Renato Ratti was quite literally the man who put Barolo on the map. After purchasing a small plot of land in the commune of La Morra and bottling his debut Barolo in 1965, Ratti drew the first map of Barolo “cru” vineyards, establishing the concept of terroir in the context of Italian wine. Ratti built his namesake winery in 1968 and died, aged 54, in 1988; nearly 30 years later, Renato’s son and successor Pietro, recognized for continuing his father’s groundbreaking legacy of single-vineyard Barolo wines, acquired what he considers the crown jewel of the family’s many holdings: the Cascina Sorello estate, in the southern portion of Serradenari. At over 1,400 feet above sea level, it sits at one of the highest grape-growing elevations in the region. Equally important, it’s situated within a designated MGA, or menzioni geografiche aggiuntive, one of 181 specific geographic locations within the Barolo region—the local equivalent of a cru vineyard.

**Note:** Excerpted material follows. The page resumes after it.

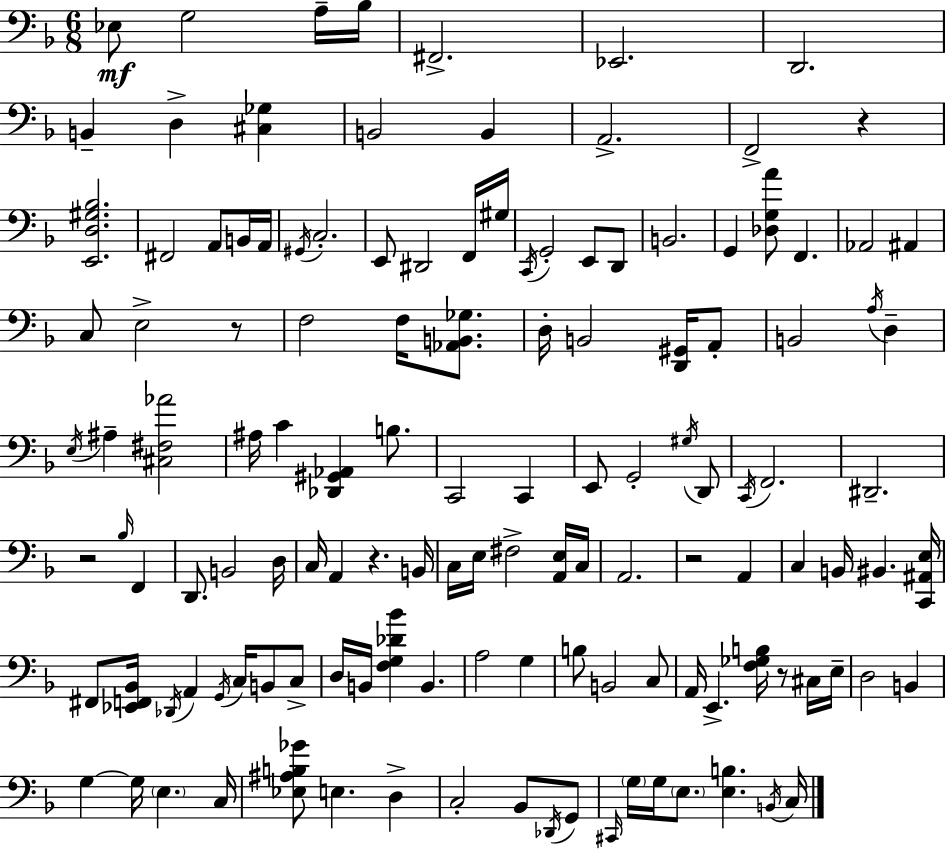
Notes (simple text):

Eb3/e G3/h A3/s Bb3/s F#2/h. Eb2/h. D2/h. B2/q D3/q [C#3,Gb3]/q B2/h B2/q A2/h. F2/h R/q [E2,D3,G#3,Bb3]/h. F#2/h A2/e B2/s A2/s G#2/s C3/h. E2/e D#2/h F2/s G#3/s C2/s G2/h E2/e D2/e B2/h. G2/q [Db3,G3,A4]/e F2/q. Ab2/h A#2/q C3/e E3/h R/e F3/h F3/s [Ab2,B2,Gb3]/e. D3/s B2/h [D2,G#2]/s A2/e B2/h A3/s D3/q E3/s A#3/q [C#3,F#3,Ab4]/h A#3/s C4/q [Db2,G#2,Ab2]/q B3/e. C2/h C2/q E2/e G2/h G#3/s D2/e C2/s F2/h. D#2/h. R/h Bb3/s F2/q D2/e. B2/h D3/s C3/s A2/q R/q. B2/s C3/s E3/s F#3/h [A2,E3]/s C3/s A2/h. R/h A2/q C3/q B2/s BIS2/q. [C2,A#2,E3]/s F#2/e [Eb2,F2,Bb2]/s Db2/s A2/q G2/s C3/s B2/e C3/e D3/s B2/s [F3,G3,Db4,Bb4]/q B2/q. A3/h G3/q B3/e B2/h C3/e A2/s E2/q. [F3,Gb3,B3]/s R/e C#3/s E3/s D3/h B2/q G3/q G3/s E3/q. C3/s [Eb3,A#3,B3,Gb4]/e E3/q. D3/q C3/h Bb2/e Db2/s G2/e C#2/s G3/s G3/s E3/e. [E3,B3]/q. B2/s C3/s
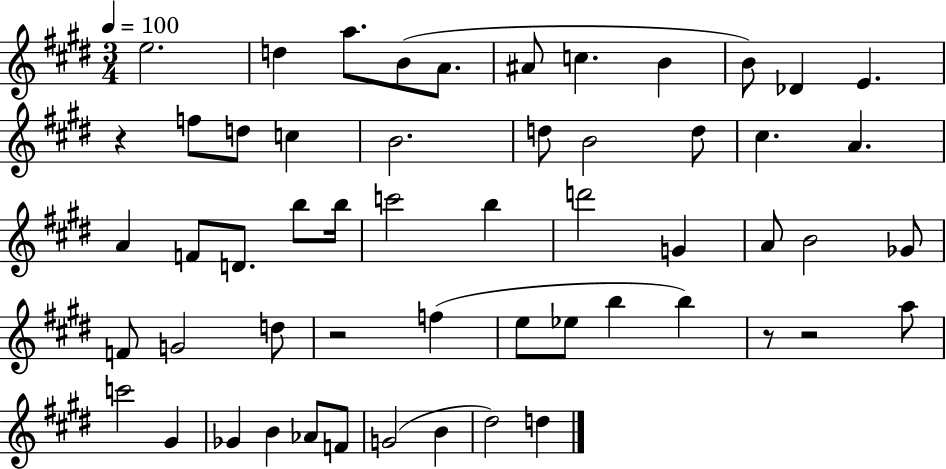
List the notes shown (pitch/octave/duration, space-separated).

E5/h. D5/q A5/e. B4/e A4/e. A#4/e C5/q. B4/q B4/e Db4/q E4/q. R/q F5/e D5/e C5/q B4/h. D5/e B4/h D5/e C#5/q. A4/q. A4/q F4/e D4/e. B5/e B5/s C6/h B5/q D6/h G4/q A4/e B4/h Gb4/e F4/e G4/h D5/e R/h F5/q E5/e Eb5/e B5/q B5/q R/e R/h A5/e C6/h G#4/q Gb4/q B4/q Ab4/e F4/e G4/h B4/q D#5/h D5/q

Pietro’s first release from Cascina Sorello is Ratti 2019 Barolo Serradenari, from a season that he refers to as a collector’s vintage. Weather conditions from beginning to end, he says, “allowed the production of a very complex Barolo, suitable for aging. Similar to 2016, the 2019 vintage shows more delicate notes in the nose, more floral notes, and overall, more finesse.” Following two “more approachable vintages, the warm and opulent 2017 and cool and elegant 2018, the 2019 is more classic,” he explains.
Pietro took over at just 20 years old, with the help of his cousin, Massimo Martinelli, who had been Renato’s right-hand man. He began purchasing plots of land in La Morra in 1990, and since 2004 his Barolos have been made with only estate-grown grapes. The decades he has spent refining his father’s ideas and techniques have led to some of the finest wines in the history of the storied label. Starting with the 2015 vintage—the 50th since Renato first bought fruit from the Marcenasco cru—the winery has been known simply as Ratti, in homage to both father and son.
Pietro first visited the Cascina Sorello estate in 2017, finding it “a total surprise.” He describes the site as a “perfect amphitheater of a unique 11 acres of Barolo, looking directly to our beautiful and imposing Alps,” with the regional mountain breezes resulting in a cooler microclimate. Grapes from just over one hectare (less than two and a half acres) of the vineyard were used to produce about 5,000 bottles of the first vintage of Serradenari, of which only 2,400 bottles have been imported into the United States. Not to be missed.